# does anyone know a breed of rabbit that is active?



## yus99 (Apr 25, 2008)

if anyone knows a breed of rabbit that is active plz pm me


----------



## Gemma83 (Mar 5, 2008)

what do you mean by "active"?


----------



## Fade to Grey (Nov 10, 2007)

that was what i was thinking :s


----------



## Guest (May 21, 2008)

My dutch is "active". He runs about like a loon, plays with the cats and chases the dogs. Is that what you are talking about?


----------



## freckles (May 8, 2008)

I would say dutch too, also the english, or anything wiht 'uppy ears' as opposed to lops, though ive had sone very lively lops in the past


----------



## Guest (May 21, 2008)

All healthy bunnies are active arent they??


----------



## Kay73 (Mar 26, 2008)

clare7577 said:


> All healthy bunnies are active arent they??

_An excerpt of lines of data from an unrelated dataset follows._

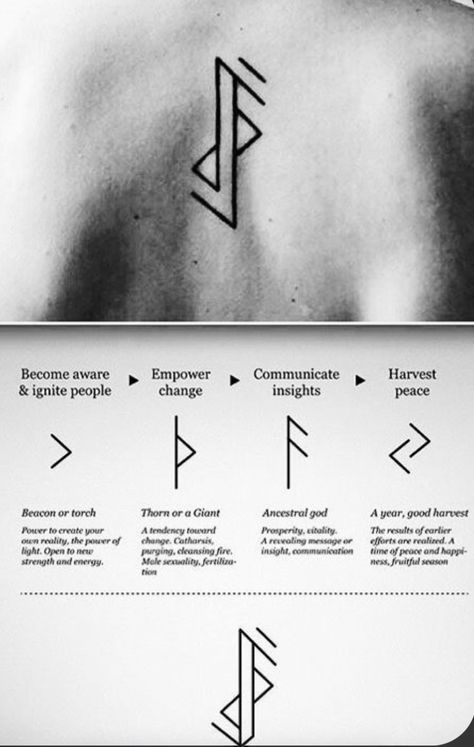 Viking Signs Symbols, Nordic Tattoo For Women, Unpredictable Tattoo, Norse Valkyrie Tattoo, Rune For Peace, Algiz Rune Tattoo, Loki Tattoo Norse Mythology, Norse Runes Tattoo, Meraki Symbol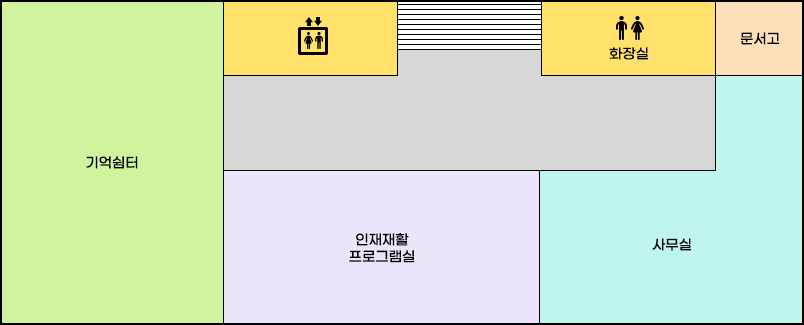 치매안심센터 2층 배치도로 왼쪽부터 시계방향으로 기억쉼터, 엘리베이터, 계단, 화장실, 문서고, 사무실, 인지재활프로그램실이 위치하고 있습니다.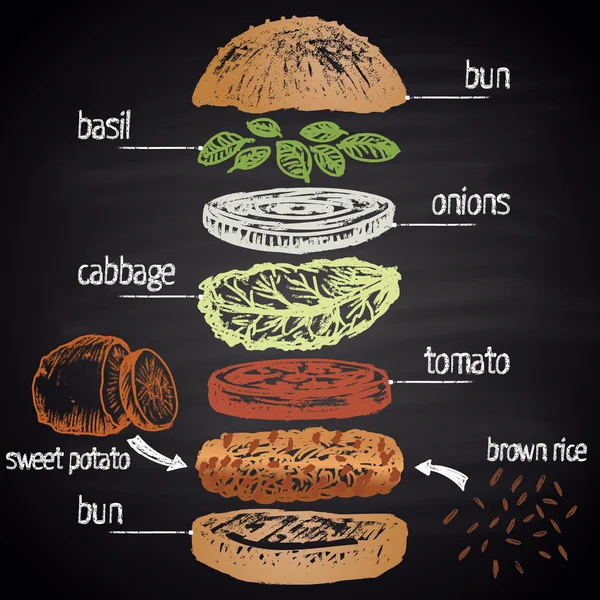 Vegan burger ingredienser med text. — Stock vektor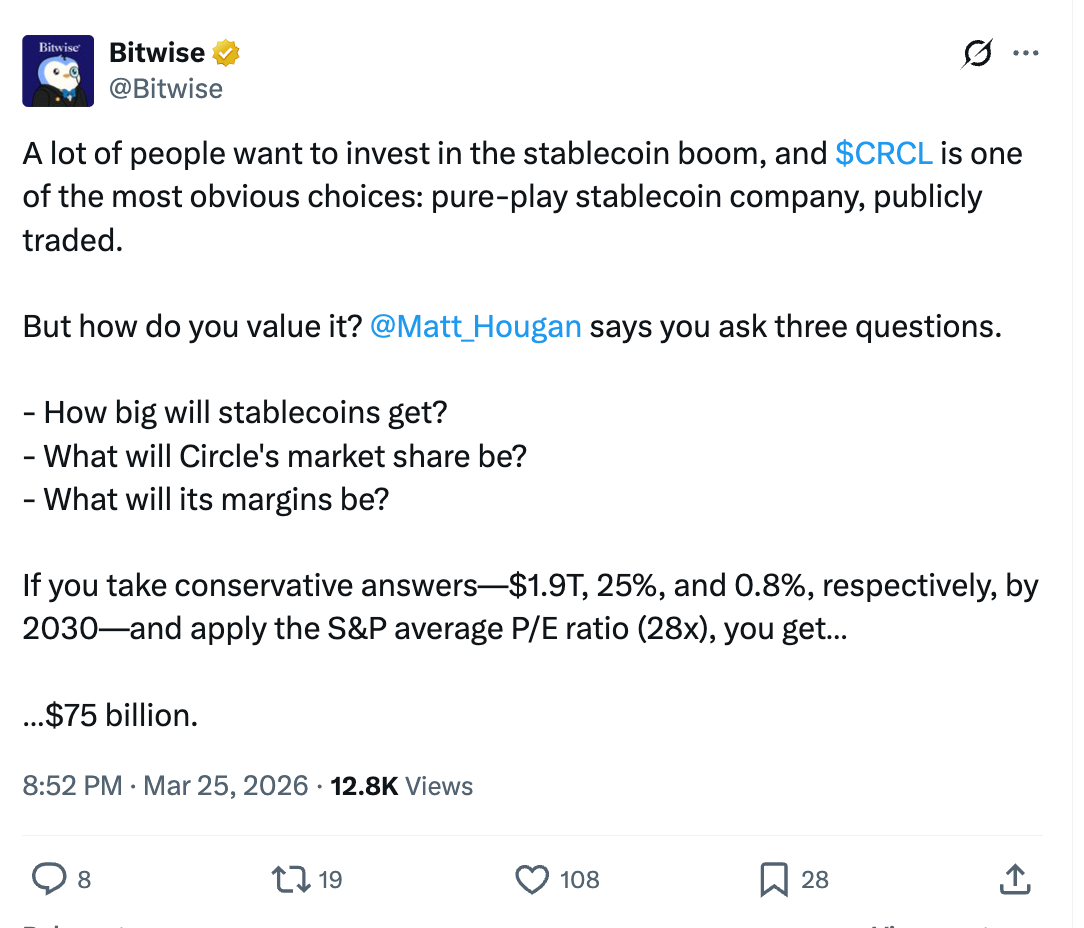 Acción de Circle (CRCL) apunta a rebote del 25% pese a temores por la CLARITY Act Coinbase, Circle, Markets, Stocks, Stablecoin, Market Analysis, Yields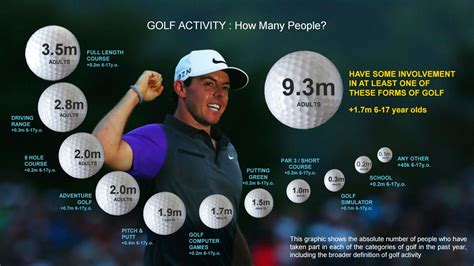 Golf 的图像结果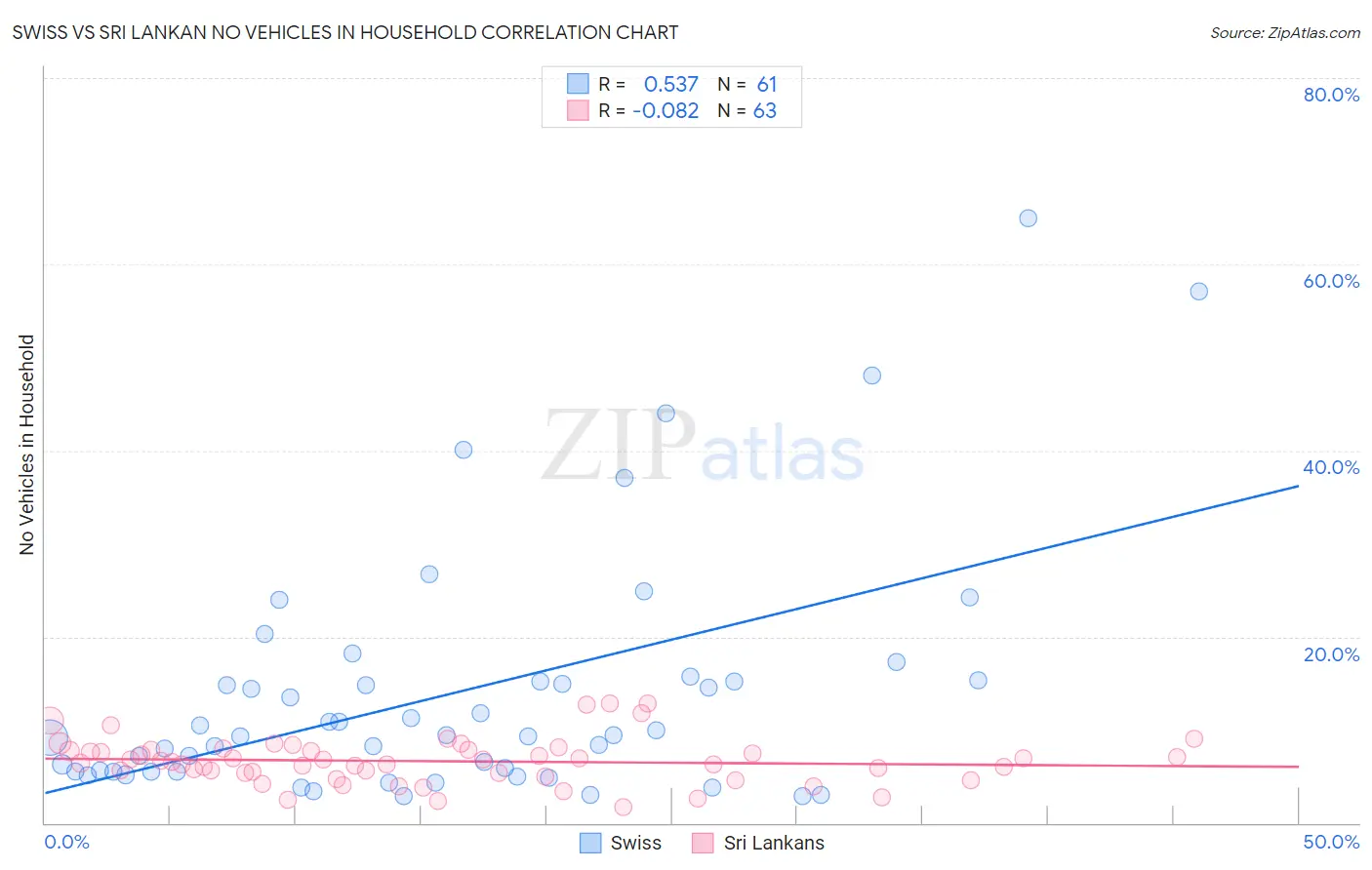 Swiss vs Sri Lankan No Vehicles in Household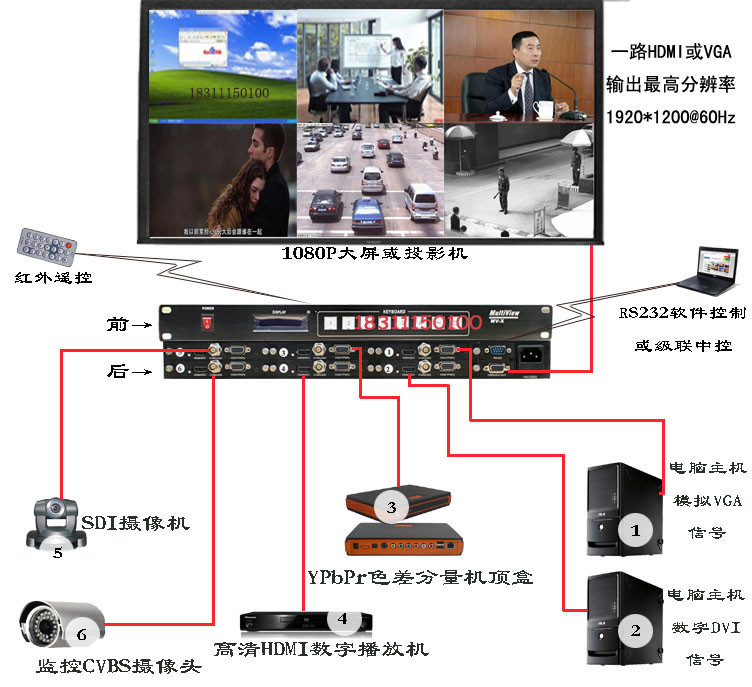DVI画面分割器 一屏显示多台电脑信号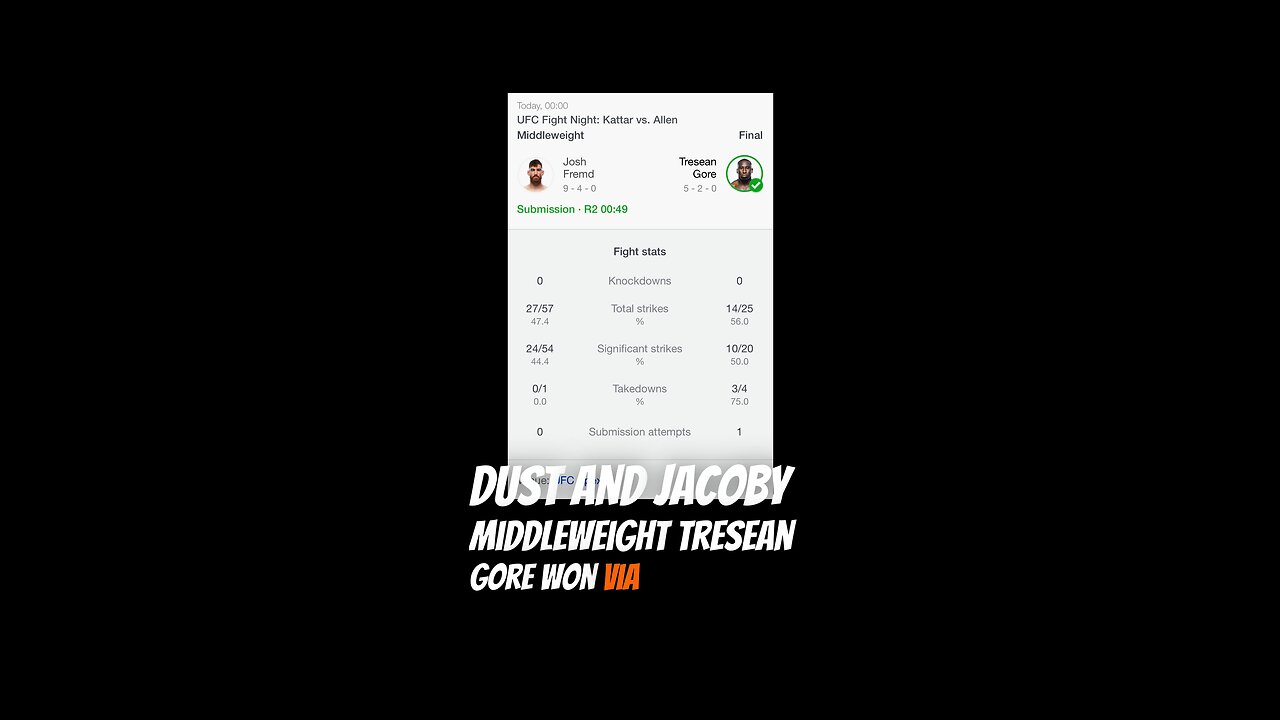 UFC FIGHT NIGHT RESULTS October 29th 2022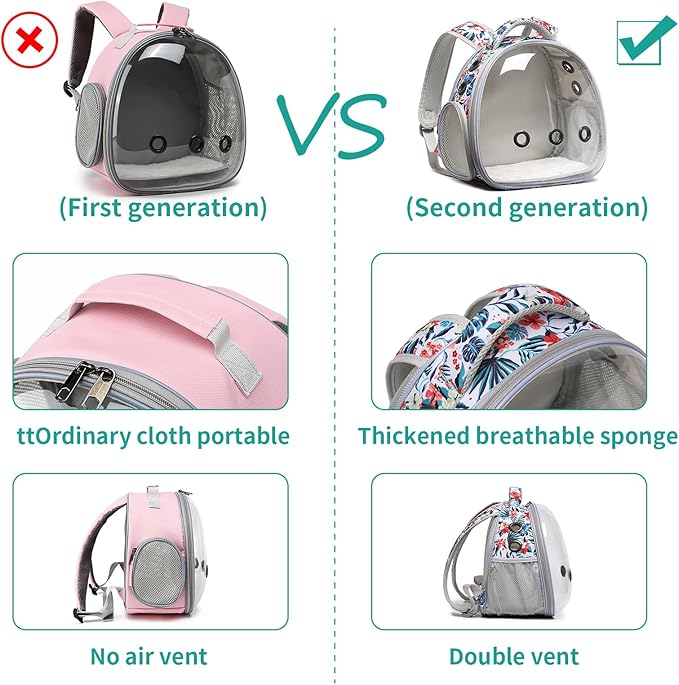 Portable Travel pet Backpack Carrier Hamster Bag Guinea Pig Bird Small Dog cat Turtle Carrier Rabbit Cage Squirrel Bearded Dragon Breathable Hangbag (Hua)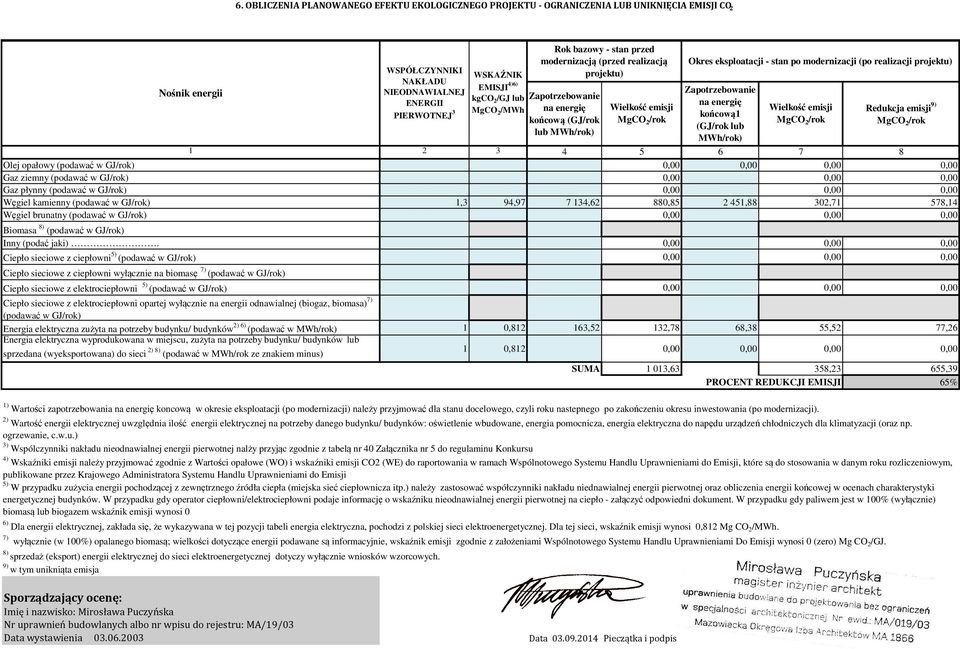 GJ/rok) 0,00 0,00 0,00 Biomasa 8) (podawać w GJ/rok) Inny (podać jaki).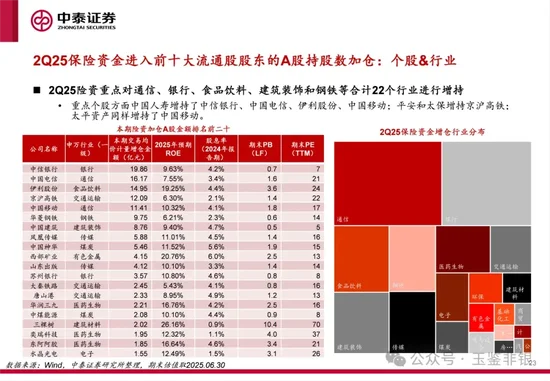 透视险资最新仓位图谱：持仓市值超1.57万亿，私募大基金狂买“中字头”-第2张图片-悦刻网上商城官方网站-正品优惠，尽在悦刻官方网站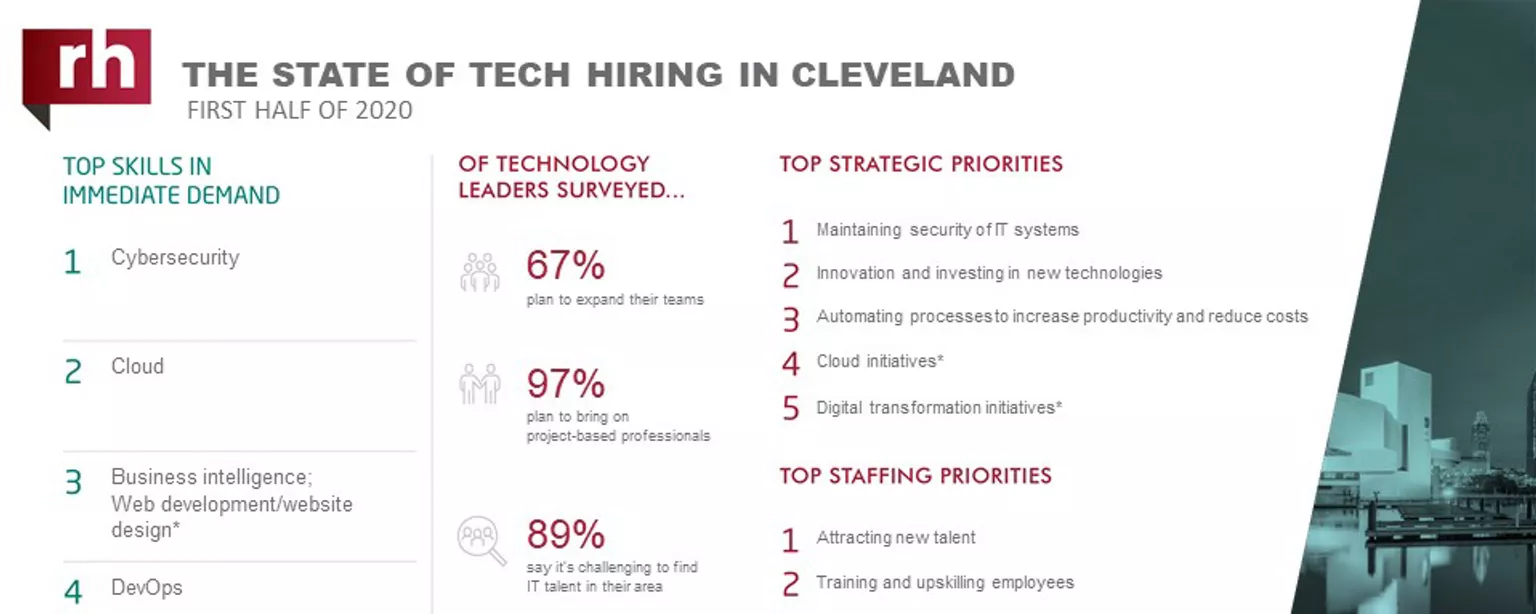 An infographic about IT hiring managers' plans for 2020 in Cleveland
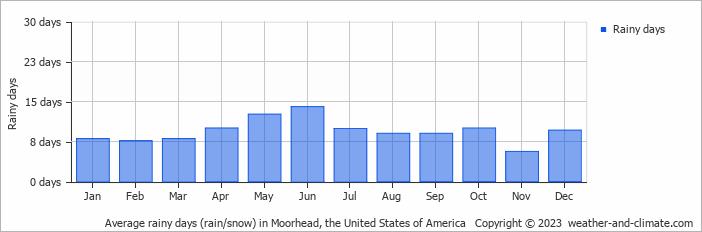 Average monthly rainy days in Moorhead, the United States of America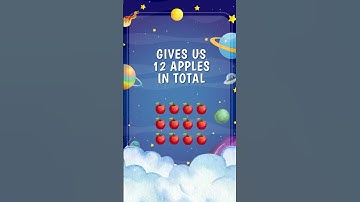 Array 3rd & 4th Grade Math Lesson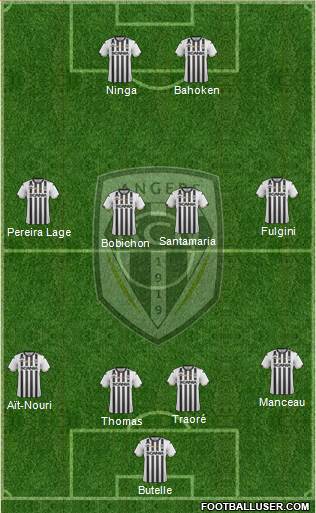 Angers SCO Formation 2019
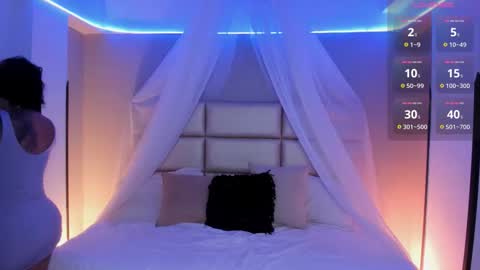 Kristen online show from October 8, 10:54 am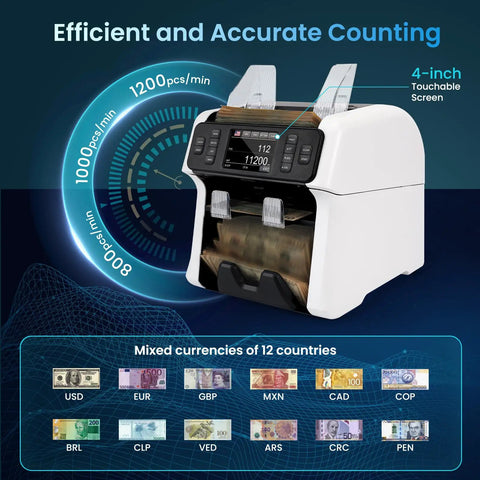 Image of a Mixed Denomination Money Counter And Sorter With Reject Pocket Pro, featuring a 4-inch touch screen for efficient counting.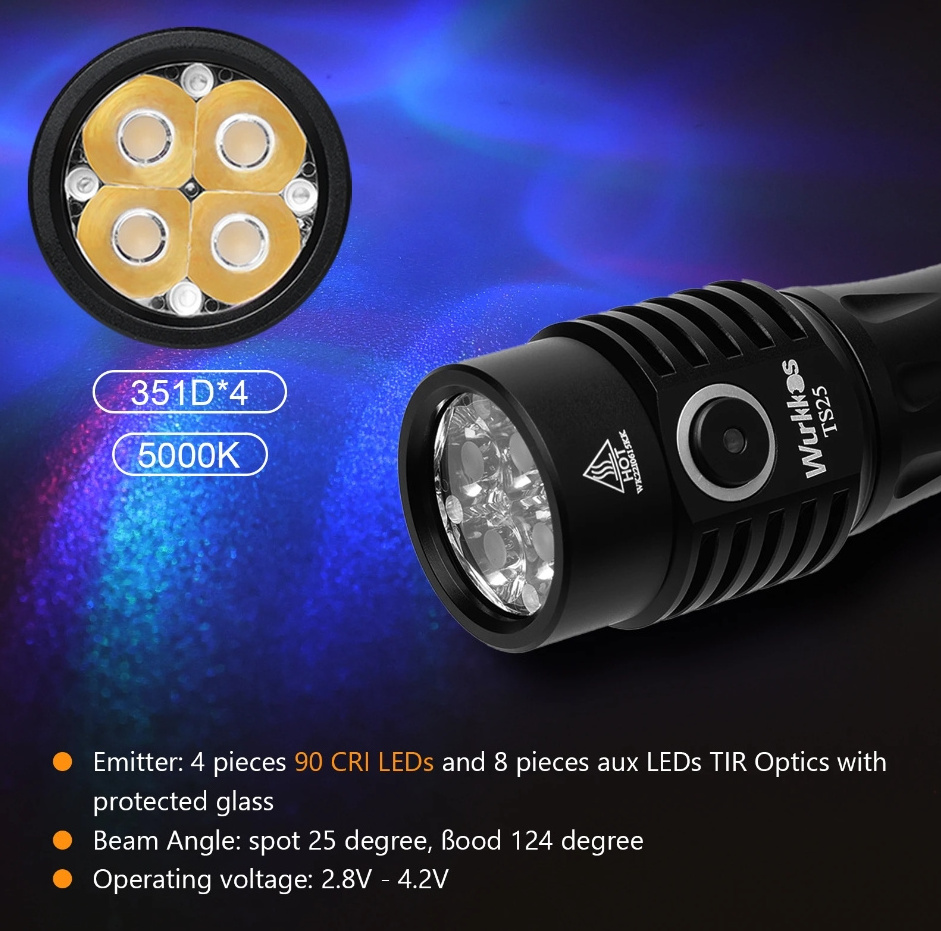 Hot Sale Wurkkos TS25 4000lm Powerful Compact Flashlight 21700 RGB Waterproof EDC Flashlight with Power Bank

I'd agree with you clare, i'd be worried if any bunny wasn't active!


----------



## Gemma83 (Mar 5, 2008)

Best not go out and buy one of those taxidermy breeds


----------



## Guest (May 21, 2008)

Gemma83 said:


> Best not go out and buy one of those taxidermy breeds


.................


----------



## crofty (May 2, 2008)

Yes thats abit of an odd question, all healthy bunnies are active  As you can see my my vids!!


----------



## Guest (May 21, 2008)

Gemma83 said:


> Best not go out and buy one of those taxidermy breeds


Yes totally agree on that one,friend had one and all it did was sit around moping all day!!!certainly not active


----------



## yus99 (Apr 25, 2008)

its just that i looked at some website (cant remember witch one) that said mini lops are not that active..


----------



## crofty (May 2, 2008)

Saffy is a mini lop cross and she wont sit still! depends on the buns personality i think


----------



## yus99 (Apr 25, 2008)

think your right!


----------